Records for the exercise Start Marker

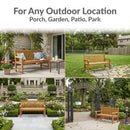 Sunnydaze 2-Person Teak Patio Bench for Outside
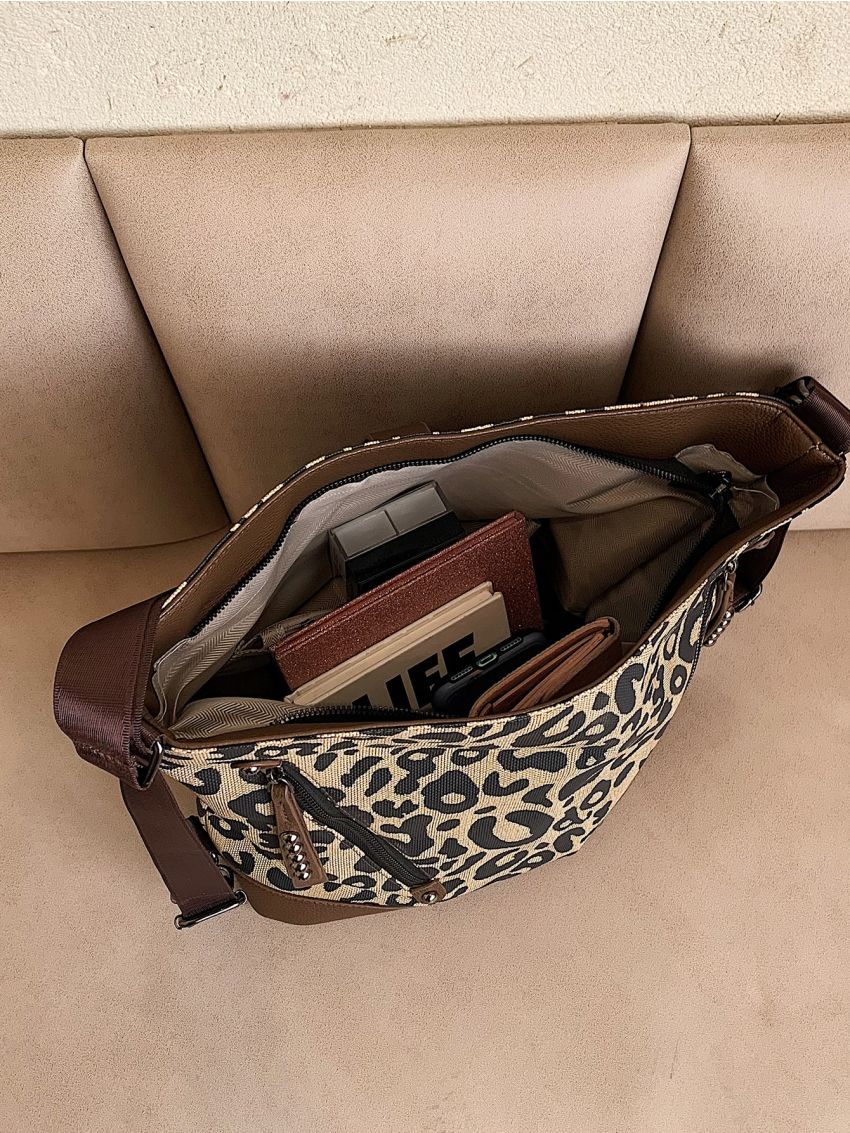 Leopard Pattern Studded Decor Hobo Bag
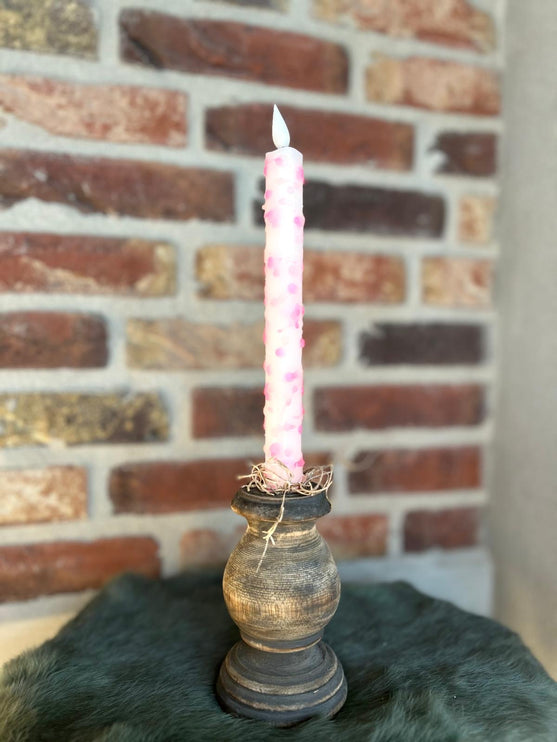 LED Dip Dye kaars Confetti roze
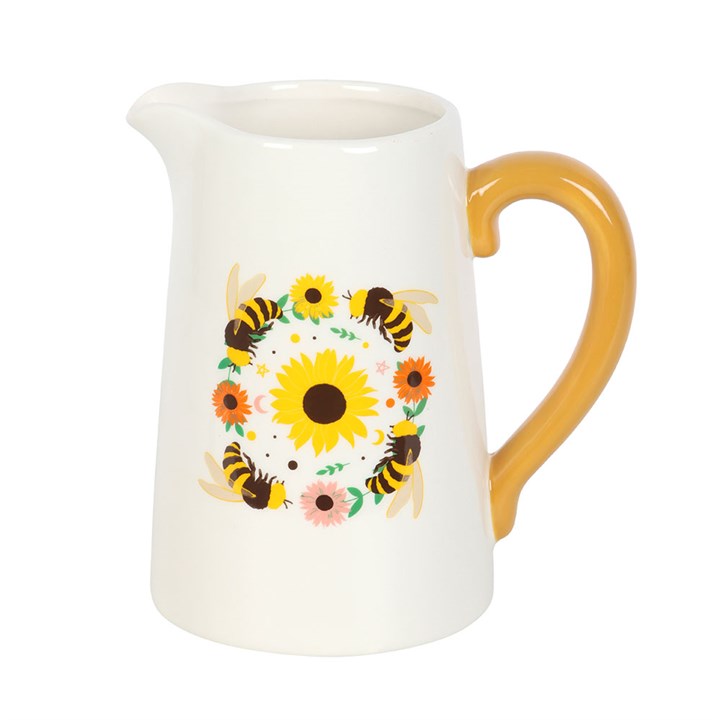 Brighten your home with the Bee and Sunflower Ceramic Flower Jug, featuring a cheerful sunflower and bee design.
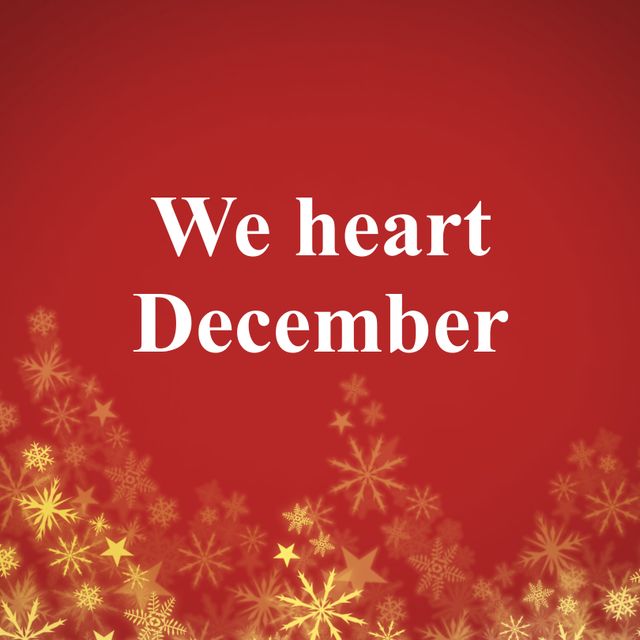 We heart december text in white with gold christmas snowflakes on red background. Celebration of winter, seasonal greeting and christmas traditions, digitally generated image.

Records for the exercise End Marker

[How to complete this task]
Print the records above word for word, omitting any picture they contain.

[Task solution]
 Sunnydaze 2-Person Teak Patio Bench for Outside
 Leopard Pattern Studded Decor Hobo Bag
 LED Dip Dye kaars Confetti roze
 Brighten your home with the Bee and Sunflower Ceramic Flower Jug, featuring a cheerful sunflower and bee design.
 We heart december text in white with gold christmas snowflakes on red background. Celebration of winter, seasonal greeting and christmas traditions, digitally generated image.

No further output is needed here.